Abstract
Purpose. A Glass pattern consists of randomly distributed dot pairs (dipoles) whose orientations are determined by a geometric transform. To perceive the structure in a Glass pattern, an observer needs to perform local grouping to find dipoles and global grouping across dipoles to get an overall shape. We investigated cortical mechanisms for local and global grouping by observing BOLD activation to Glass or texture patterns.
Method. Each dipole contained two 5.4′ square dots separated by 27′. The Glass patterns contained randomly distributed dipoles covering 2% of image. The coherence of a Glass pattern was defined as the proportion of dipoles oriented tangent to a concentric global form. To eliminate grouping at the dipole level, we also used line element textures which had bars (5.4′x27′) in place of dipoles. The BOLD activation (N=6) was collected on a Bruker 3T magnet (EPI, TR=3s, TE=60ms, flip angle=90o). Each 252s block design run had two test conditions alternating with each other in a 36s period.
Result. Compared with a zero coherent pattern, the 100% coherent Glass patterns activated the lateral occipital complex (LOC) and the inferior temporal (IT). The Glass and the texture pattern of the same global structure showed differential activation in V2 and V3 which was posterior to the areas responding to Glass patterns. A rotating wedge of coherent dipoles showed that the dorsal LOC had a retinotopic property for Glass patterns. A rotating concentric pattern produced only weak retinotopic activation at the ventral LOC.
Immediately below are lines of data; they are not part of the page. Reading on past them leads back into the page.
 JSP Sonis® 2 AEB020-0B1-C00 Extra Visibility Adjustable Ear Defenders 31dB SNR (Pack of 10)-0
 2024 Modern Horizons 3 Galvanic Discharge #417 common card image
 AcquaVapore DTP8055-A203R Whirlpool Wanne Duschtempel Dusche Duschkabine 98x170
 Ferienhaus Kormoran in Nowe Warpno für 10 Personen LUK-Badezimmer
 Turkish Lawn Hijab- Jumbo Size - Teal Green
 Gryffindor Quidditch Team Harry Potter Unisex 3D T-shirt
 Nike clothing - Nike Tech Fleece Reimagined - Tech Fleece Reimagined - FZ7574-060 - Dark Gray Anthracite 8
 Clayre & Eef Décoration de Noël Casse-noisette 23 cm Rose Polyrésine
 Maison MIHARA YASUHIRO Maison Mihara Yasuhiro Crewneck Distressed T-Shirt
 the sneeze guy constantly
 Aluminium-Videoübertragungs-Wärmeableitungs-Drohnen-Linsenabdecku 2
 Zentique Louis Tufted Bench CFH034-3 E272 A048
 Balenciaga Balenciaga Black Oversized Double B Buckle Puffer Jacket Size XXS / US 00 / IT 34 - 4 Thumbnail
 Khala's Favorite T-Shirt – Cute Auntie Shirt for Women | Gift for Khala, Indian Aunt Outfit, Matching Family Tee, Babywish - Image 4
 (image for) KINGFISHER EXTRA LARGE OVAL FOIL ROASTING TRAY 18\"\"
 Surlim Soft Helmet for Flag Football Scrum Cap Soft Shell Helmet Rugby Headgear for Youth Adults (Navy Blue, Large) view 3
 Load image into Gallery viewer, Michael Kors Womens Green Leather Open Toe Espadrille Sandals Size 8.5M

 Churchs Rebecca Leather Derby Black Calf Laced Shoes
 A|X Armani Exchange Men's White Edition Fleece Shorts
Conclusion. The contrast between line texture and Glass patterns suggests that local grouping occurred in V2 and V3. The rotating wedge suggests the dorsal LOC is for analyzing curvatures while the rotating circle hints that the ventral LOC is responsible for global forms. The weak activation for rotating circles may suggest that the global form processing is less retinotopic mapping than local features.